Die Krankenkassen wiederum, so etwa AOK-Sprecherin Gabriele Rähse, sehen die Gefahr von Folgeerkrankungen durch mögliche Qualitätseinbußen bei der Versorgung der winzigen Babys. Frühchen würden in Krankenhäusern, die nicht genug Erfahrung hätten, unter Umständen nicht rechtzeitig und nicht adäquat versorgt. Bestätigt wird dies vom Direktor der Klinik für Neonatologie an der Charité, Professor Christoph Bührer: „Wenn Frühchen nicht die richtige Versorgung bekämen, drohten dramatische gesundheitliche Einschränkungen. Ein Kind kann Gehirnschäden davontragen und ist dann ein Leben lang behindert.“
In den beiden Perinatalzentren der Charité an den Standorten Mitte und Wedding würden jährlich 240 Kinder mit einem Geburtsgewicht unter 1500 Gramm versorgt. Auch die bekannten Berliner Sechslinge sind dort auf die Welt gekommen. Bührer verweist auf die große Erfahrung und die Kompetenz seines „geschulten Teams, das nachts um drei Uhr sofort funktioniert, genauso wie tagsüber um zehn Uhr“. Zudem unterstreicht der Uni-Professor die Exzellenz seines Hauses durch die hohe Zahl der Behandlungen. „Richtig gut kann jemand nur etwas machen, wenn er es häufig macht“, so Bührer.
„Es geht ganz stark ums Geld“
Der Charité-Mediziner vermutet vielmehr, dass die winzigen Babys für die kleineren Krankenhäuser ökonomisch überlebensnotwendig seien. Eine Kinderklinik sei ein Saisongeschäft. Im Sommer gebe es da nicht viel zu tun. Solche Frühchen, die lange in der Klinik blieben und viel Geld brächten, seien willkommene Finanzquellen. „Es geht ganz stark ums Geld“, so Bührer.
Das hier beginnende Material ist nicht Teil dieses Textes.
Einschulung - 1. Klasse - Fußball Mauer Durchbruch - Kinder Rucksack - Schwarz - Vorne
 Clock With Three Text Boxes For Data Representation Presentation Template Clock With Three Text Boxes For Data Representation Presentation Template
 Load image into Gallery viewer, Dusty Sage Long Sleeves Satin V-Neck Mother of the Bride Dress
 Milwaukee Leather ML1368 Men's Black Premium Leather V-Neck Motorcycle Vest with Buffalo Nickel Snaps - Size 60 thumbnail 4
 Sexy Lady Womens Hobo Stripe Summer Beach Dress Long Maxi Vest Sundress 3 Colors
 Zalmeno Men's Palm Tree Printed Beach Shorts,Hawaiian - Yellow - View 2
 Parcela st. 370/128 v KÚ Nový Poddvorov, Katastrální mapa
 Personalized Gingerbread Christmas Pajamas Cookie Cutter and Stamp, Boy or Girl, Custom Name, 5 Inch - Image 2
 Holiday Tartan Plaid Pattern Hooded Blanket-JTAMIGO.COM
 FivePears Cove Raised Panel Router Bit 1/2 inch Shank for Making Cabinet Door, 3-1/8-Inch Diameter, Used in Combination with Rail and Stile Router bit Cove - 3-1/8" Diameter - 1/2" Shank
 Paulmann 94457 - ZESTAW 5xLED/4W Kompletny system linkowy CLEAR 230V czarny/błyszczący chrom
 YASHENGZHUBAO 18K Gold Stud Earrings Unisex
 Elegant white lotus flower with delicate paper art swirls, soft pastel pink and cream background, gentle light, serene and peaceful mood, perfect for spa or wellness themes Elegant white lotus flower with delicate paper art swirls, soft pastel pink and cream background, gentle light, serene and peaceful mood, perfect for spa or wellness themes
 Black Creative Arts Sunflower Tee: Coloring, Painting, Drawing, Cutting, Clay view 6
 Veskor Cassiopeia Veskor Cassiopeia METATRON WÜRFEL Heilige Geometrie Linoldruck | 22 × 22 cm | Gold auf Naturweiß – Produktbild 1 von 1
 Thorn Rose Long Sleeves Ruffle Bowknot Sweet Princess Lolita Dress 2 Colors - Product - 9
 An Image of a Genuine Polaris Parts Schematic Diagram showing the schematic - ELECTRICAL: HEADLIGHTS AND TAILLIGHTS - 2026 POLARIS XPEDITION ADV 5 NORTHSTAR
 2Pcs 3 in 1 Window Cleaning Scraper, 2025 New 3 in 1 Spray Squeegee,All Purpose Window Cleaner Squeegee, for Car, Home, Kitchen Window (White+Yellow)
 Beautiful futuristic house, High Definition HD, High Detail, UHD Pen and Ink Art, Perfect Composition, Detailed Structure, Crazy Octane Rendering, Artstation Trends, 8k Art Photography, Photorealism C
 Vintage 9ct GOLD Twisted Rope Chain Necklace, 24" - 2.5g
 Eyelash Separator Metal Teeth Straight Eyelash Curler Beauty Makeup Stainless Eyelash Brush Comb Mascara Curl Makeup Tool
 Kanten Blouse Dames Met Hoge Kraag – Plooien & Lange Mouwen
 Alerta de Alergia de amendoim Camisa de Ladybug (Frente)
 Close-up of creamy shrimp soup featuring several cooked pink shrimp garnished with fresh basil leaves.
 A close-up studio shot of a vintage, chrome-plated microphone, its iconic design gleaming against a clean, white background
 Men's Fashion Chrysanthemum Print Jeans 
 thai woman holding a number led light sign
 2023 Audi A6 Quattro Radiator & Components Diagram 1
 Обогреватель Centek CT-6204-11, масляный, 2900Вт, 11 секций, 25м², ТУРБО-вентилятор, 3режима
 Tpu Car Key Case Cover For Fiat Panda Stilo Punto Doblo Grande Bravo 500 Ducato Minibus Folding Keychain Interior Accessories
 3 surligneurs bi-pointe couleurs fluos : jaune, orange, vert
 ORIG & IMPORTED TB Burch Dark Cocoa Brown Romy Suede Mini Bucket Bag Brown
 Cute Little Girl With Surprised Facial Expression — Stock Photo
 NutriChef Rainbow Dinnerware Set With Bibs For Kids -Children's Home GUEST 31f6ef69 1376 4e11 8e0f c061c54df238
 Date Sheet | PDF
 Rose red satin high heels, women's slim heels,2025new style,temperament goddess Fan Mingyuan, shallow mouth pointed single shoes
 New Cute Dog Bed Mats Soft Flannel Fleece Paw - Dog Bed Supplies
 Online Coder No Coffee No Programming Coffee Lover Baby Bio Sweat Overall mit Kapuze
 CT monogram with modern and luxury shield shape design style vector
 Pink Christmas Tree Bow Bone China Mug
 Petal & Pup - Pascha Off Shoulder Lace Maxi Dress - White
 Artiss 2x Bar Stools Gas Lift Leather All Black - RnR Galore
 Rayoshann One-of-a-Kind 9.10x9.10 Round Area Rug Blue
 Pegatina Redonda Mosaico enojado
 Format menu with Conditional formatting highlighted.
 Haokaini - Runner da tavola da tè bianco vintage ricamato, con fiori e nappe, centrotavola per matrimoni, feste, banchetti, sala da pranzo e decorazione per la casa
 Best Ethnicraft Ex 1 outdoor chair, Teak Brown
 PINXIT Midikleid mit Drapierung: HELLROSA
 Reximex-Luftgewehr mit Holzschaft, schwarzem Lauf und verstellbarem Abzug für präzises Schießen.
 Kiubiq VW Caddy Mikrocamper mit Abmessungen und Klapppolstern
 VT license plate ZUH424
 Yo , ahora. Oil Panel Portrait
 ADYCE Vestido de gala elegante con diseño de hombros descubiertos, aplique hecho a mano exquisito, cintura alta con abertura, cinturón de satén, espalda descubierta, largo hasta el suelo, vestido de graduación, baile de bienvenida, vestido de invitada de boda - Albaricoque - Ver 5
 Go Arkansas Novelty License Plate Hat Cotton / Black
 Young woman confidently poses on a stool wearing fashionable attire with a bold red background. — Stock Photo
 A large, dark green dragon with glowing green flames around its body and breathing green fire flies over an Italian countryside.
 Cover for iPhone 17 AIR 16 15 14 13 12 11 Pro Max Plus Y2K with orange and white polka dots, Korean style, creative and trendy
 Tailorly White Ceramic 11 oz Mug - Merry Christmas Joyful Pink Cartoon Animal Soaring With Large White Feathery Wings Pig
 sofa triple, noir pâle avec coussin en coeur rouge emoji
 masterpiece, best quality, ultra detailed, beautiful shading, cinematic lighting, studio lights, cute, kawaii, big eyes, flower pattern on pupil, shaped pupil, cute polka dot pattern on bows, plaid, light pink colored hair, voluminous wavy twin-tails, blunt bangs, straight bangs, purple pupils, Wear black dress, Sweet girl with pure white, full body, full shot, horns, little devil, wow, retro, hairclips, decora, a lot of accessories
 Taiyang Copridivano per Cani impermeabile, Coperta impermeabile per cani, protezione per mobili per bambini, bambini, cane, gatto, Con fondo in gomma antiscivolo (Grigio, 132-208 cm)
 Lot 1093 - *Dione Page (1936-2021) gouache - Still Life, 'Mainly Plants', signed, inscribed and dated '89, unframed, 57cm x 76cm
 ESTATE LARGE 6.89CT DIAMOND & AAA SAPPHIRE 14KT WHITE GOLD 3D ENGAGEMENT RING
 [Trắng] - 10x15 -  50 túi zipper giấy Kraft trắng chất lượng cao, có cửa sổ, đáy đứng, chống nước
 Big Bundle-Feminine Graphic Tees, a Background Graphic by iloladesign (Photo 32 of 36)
Hans-Jürgen Wirthl schätzt, dass die Kliniken 90.000 bis 115.000 Euro an solchen Frühgeburten verdienen. Das Geschäft mit den Mini-Babys sei lukrativ. Deshalb hätten offenbar viele Kliniken ein Interesse an deren Versorgung. Chefarzt Abou-Dakn weist solche Vorwürfe zurück: „Uns geht es gar nicht um die Versorgung der gewinnbringenden Kleinstkinder mit einem Gewicht von unter 1000 Gramm. Wir wollen die Kinder mit einem Geburtsgewicht ab etwa 1000 Gramm weiter versorgen.“
Die AOK rechnet vor: Bei Neugeborenen mit einem Geburtsgewicht von 900 Gramm und schweren Atemproblemen, die in einem Perinatalzentrum geboren werden, bewegen sich die Kosten für den Klinikaufenthalt um die 50000 Euro. Bei einem Geburtsgewicht von 500 Gramm und schweren Atemproblemen liegen die Kosten bei etwa 185000 Euro. Wirthl warnt: „Derzeit sterben bundesweit etwa 200 frühgeborene Kinder im Jahr, weil sie nicht in der richtigen Klinik versorgt wurden.“ Deshalb fordert er, dass ein Perinatalzentrum mindestens 36 extremer Frühgeborener im Jahr versorgen sollte, besser noch 50. Die Bundesrichtlinie verlangt derzeit aktuell nur zwölf Kinder jährlich.
Der kleine Angus ist im Übrigen inzwischen aus dem Tempelhofer Sankt-Joseph-Krankenhaus entlassen worden. 1660 Gramm schwer. Es geht ihm gut.